I remember us talking at great length about many of the museum’s photographs, but some stick in my memory as having provoked more of a response from Christian than others. One of them is a portrait of a South Australian indigenous man with a heavily scarified chest, wrapped around the waist by a skin cloak. His hair is parted, and combed down the sides of his head, curling out slightly. The other shows three men (possibly including the same man to right), all with scarifications and body paint, their hair again combed in nineteenth-century fashion. These portraits in the collection had a particular resonance for Christian, and can be felt in the resulting work.

Studio portrait of three men from South Australia, circa 1860. Pitt Rivers Museum, University of Oxford (1998.249.33.5)
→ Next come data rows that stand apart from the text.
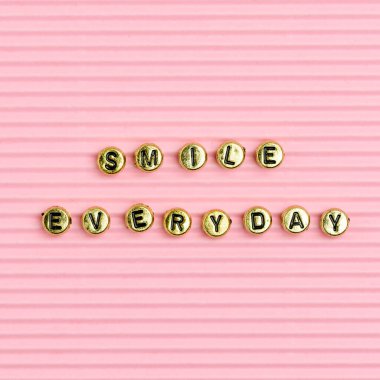 SMILE her gün metin tipografisini boncukluyor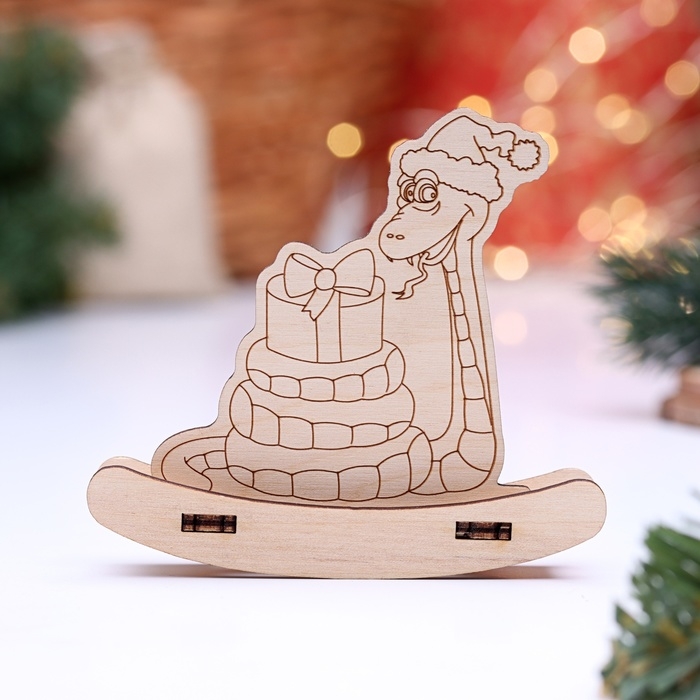 Новый год. Сувенир символ года качалка "Змейка в шапочке с подарком", 9,7 х 8,8 х 2 см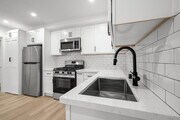 Photo - 3335 Stocker St W Unit 1/4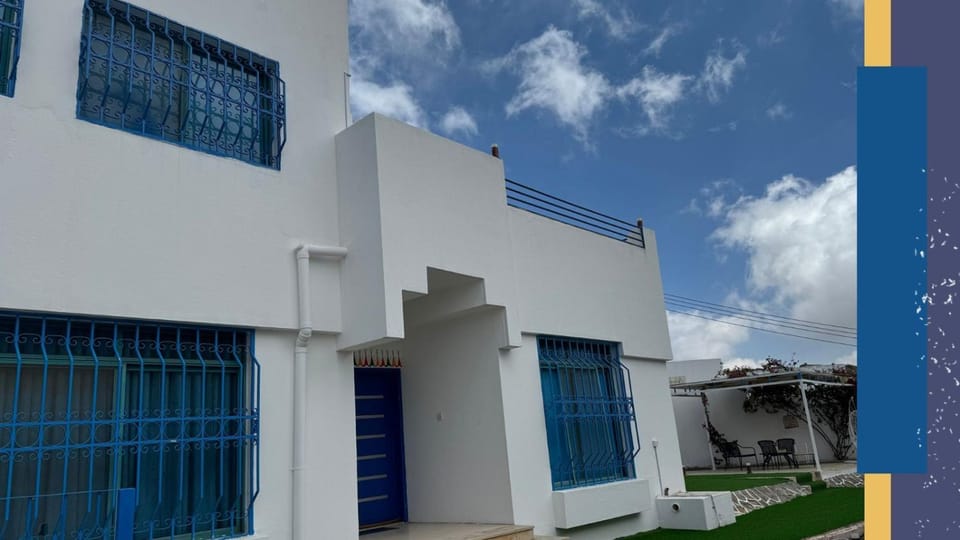 Large Blue Villa in Abha الفيلا الزرقاء Villa in Saudi Arabia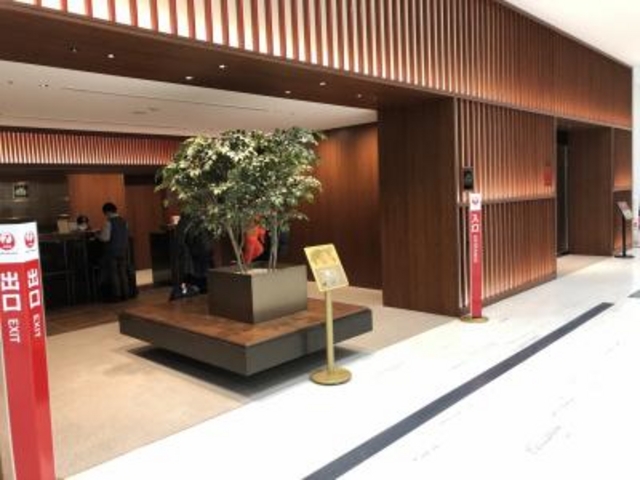 専用入口_伊丹空港3階サクララウンジ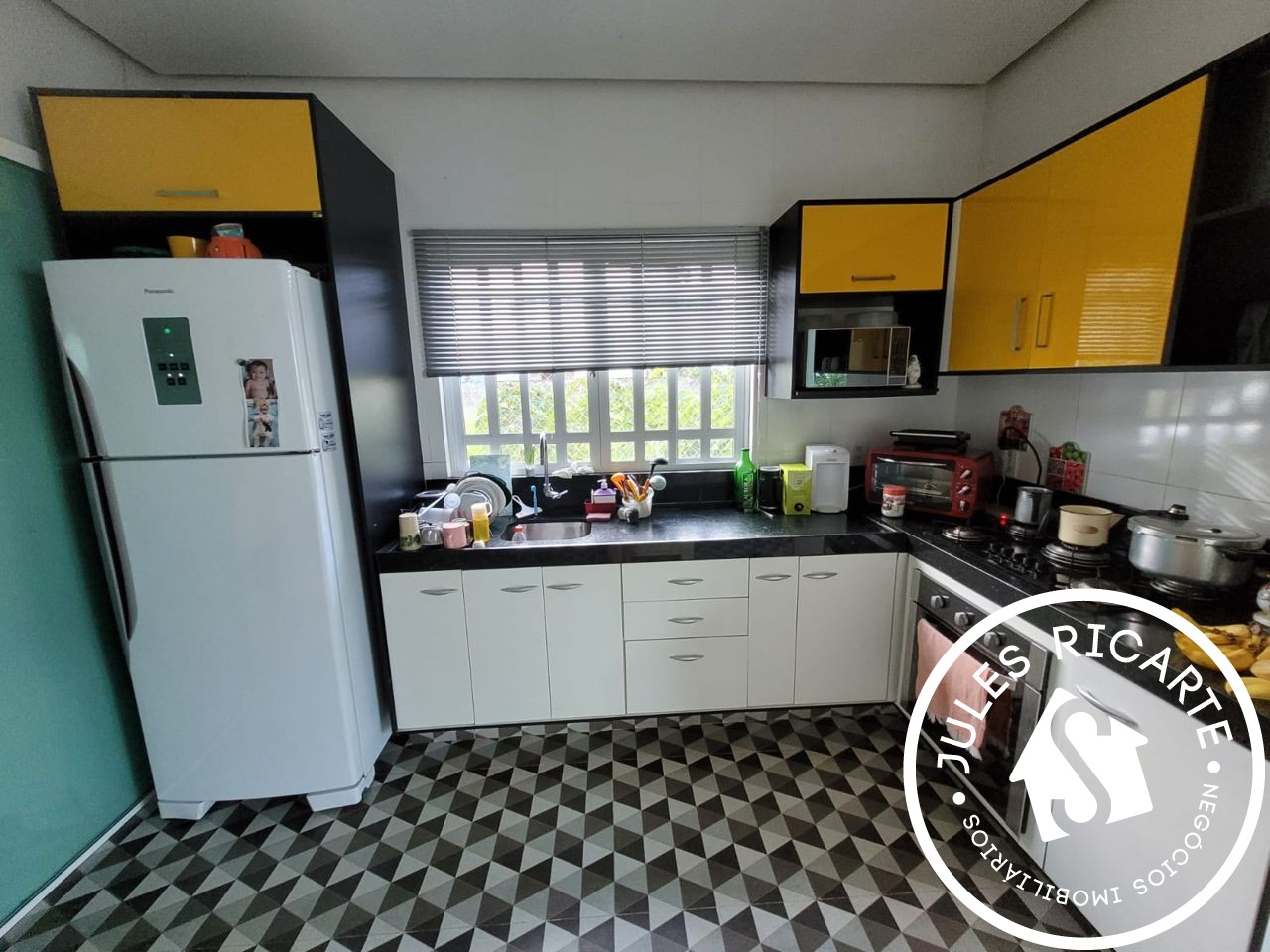 Casa à venda com 2 quartos, 298m² - Foto 10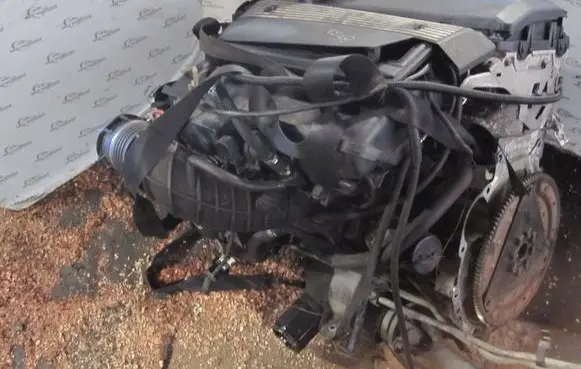 BMW 5 E60 E61 Engine M54B30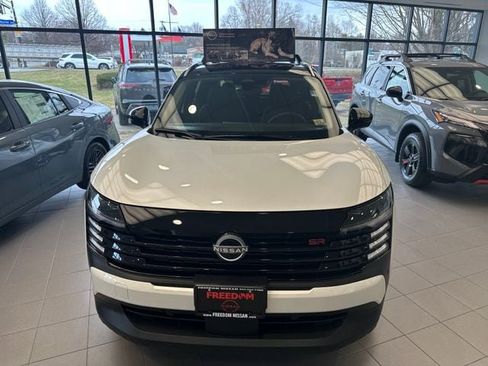 New 2026 Nissan Kicks SR w/ Cold Weather Package AWD/4WD image 4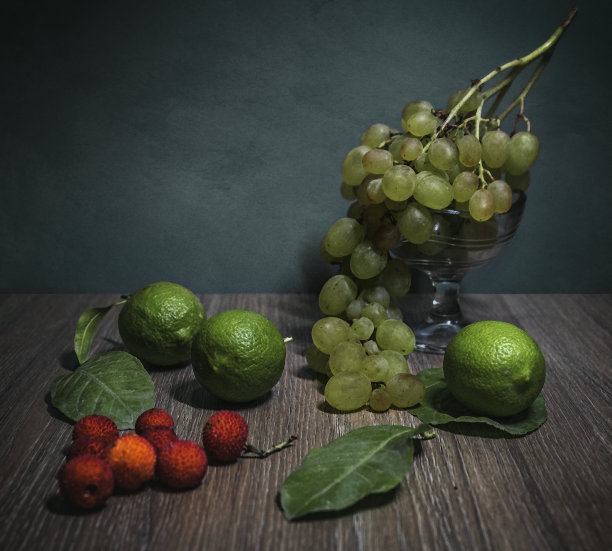 木桌上的葡萄和柠檬图片下载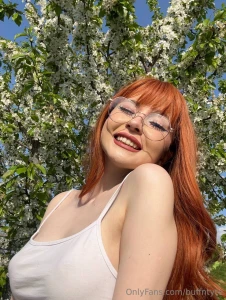 A sweet girl who dreams of knowing herself and the world i don t think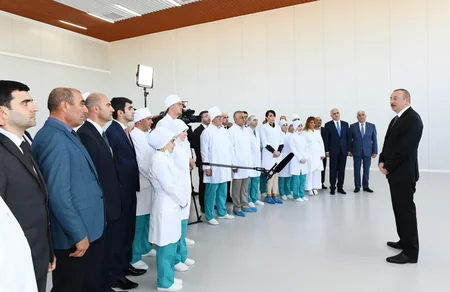Prezident İlham Əliyev Pirallahı Sənaye Parkında şpris istehsalı zavodunun açılışında iştirak edib - ƏLAVƏ OLUNUB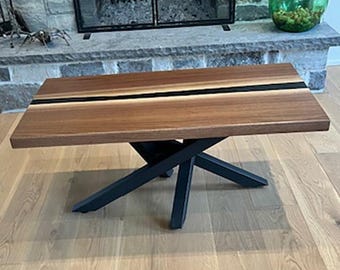 Mesa de centro River con borde natural y epoxi, hecha a mano en nogal negro, mesa de centro personalizada, muebles rústicos modernos, mesa River a medida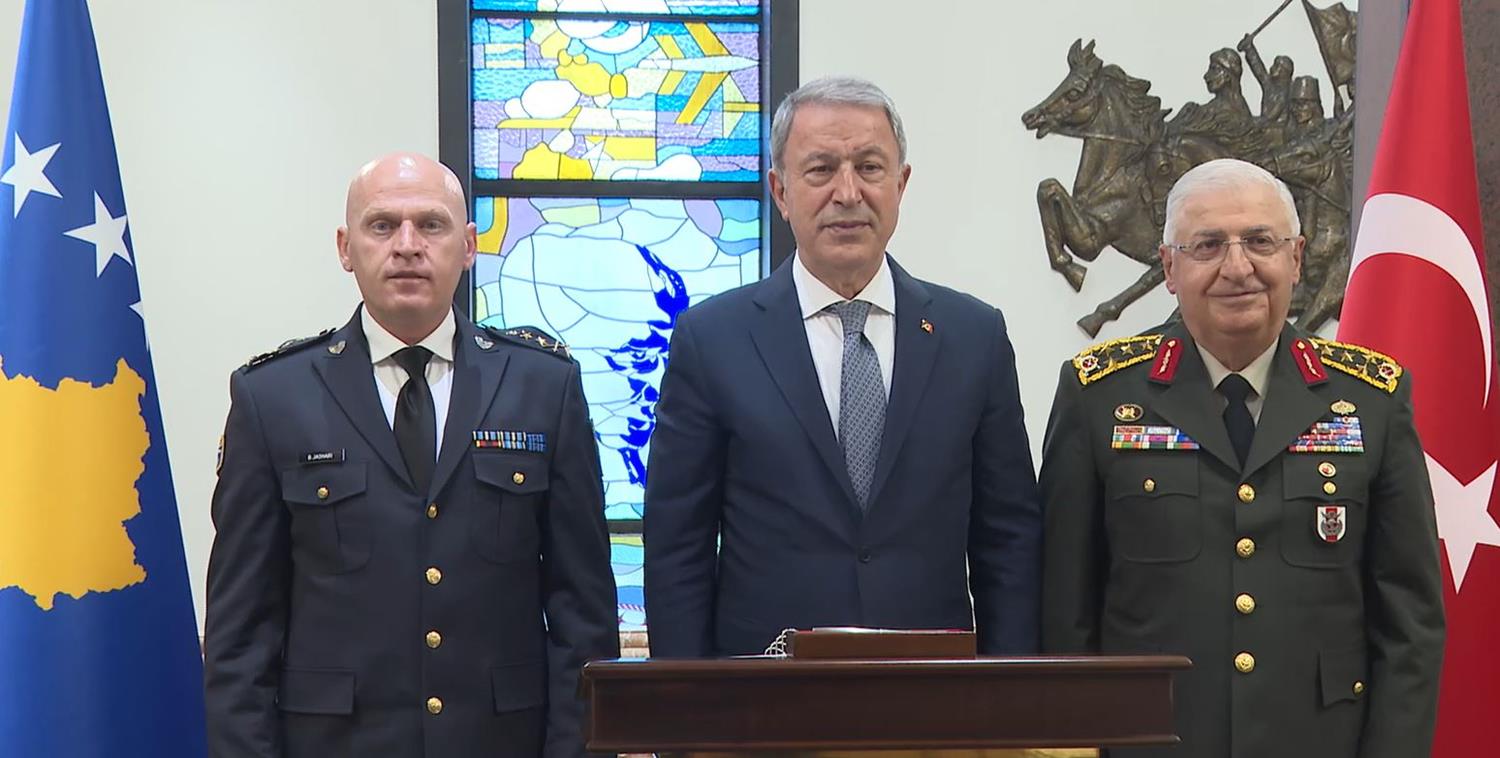 Bakan Akar, Kosova G�venlik Kuvveti Komutan� Jashari'yi kabul etti
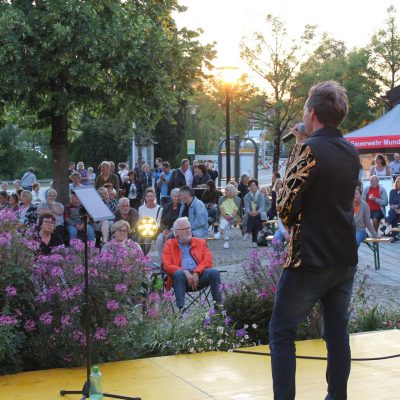 Dieses Bild zeigt Johann Rosenhammer alias Der Rosenhammer auf der Bühne am Sommerkonzert am Dorfplatz Munderfing am Freitag 20. August 2021.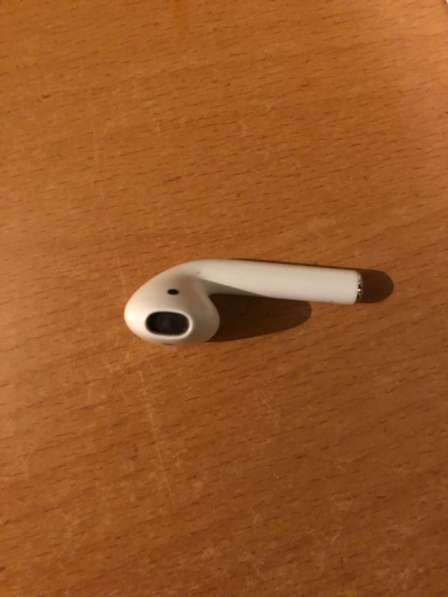 Наушник airpods 1-го поколения в Москве фото 4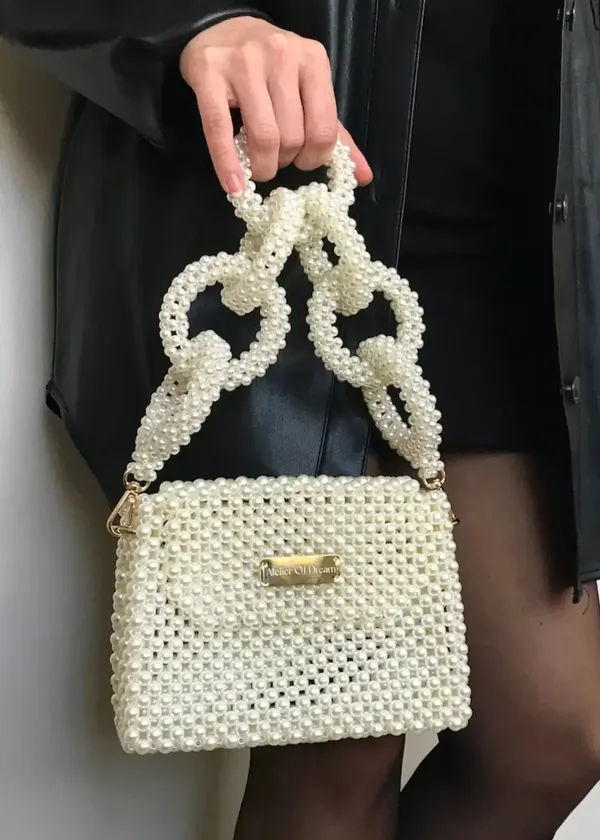 Light Up Your Look: Beaded Bag that Redefines Your Signature Style with Flair, Sparkle, and Shine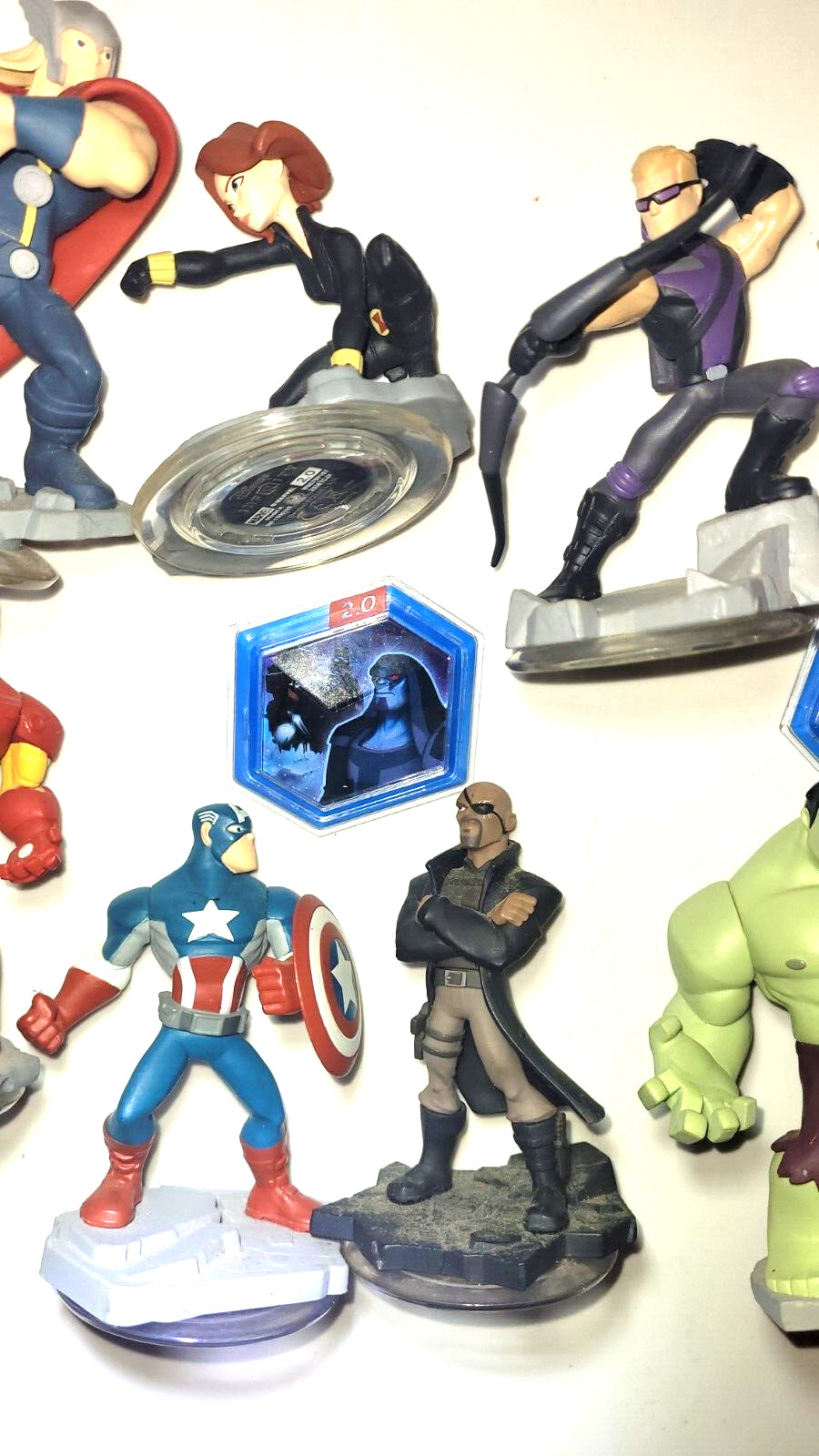 Disney infinity lot: Ironman Tower Hulk Nick Fury Captain America Thor Hawkeye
Studio portrait of three men from South Australia, circa 1860. Pitt Rivers Museum, University of Oxford (1998.249.33.5)

Although archival imagery is an inspiration for Christian generally, he is also inspired by the materiality and composition of a wide variety of images from many different reference points such as contemporary fashion, film, and music. It is this playful blending of genres that not only makes his approach distinctive, it also resonates historically with the blending of scientific and popular genres in the archival imagery with which he engaged during the project.

One of the main points of reference to the historical archive in the work is the use of the more scientific end of nineteenth-century ‘ethnographic’ portraiture; head-and-shoulders, full-face, looking directly into the camera, as in the work of policeman Paul Foelsche of Darwin in the 1870s.

4.	Portrait of a Waggite man called Nabbang, 1879. Paul Foelsche, Darwin. Pitt Rivers Museum, University of Oxford (1998.249.19.10)

Portrait of a Waggite man called Nabbang, 1879. Paul Foelsche, Darwin. Pitt Rivers Museum, University of Oxford (1998.249.19.10)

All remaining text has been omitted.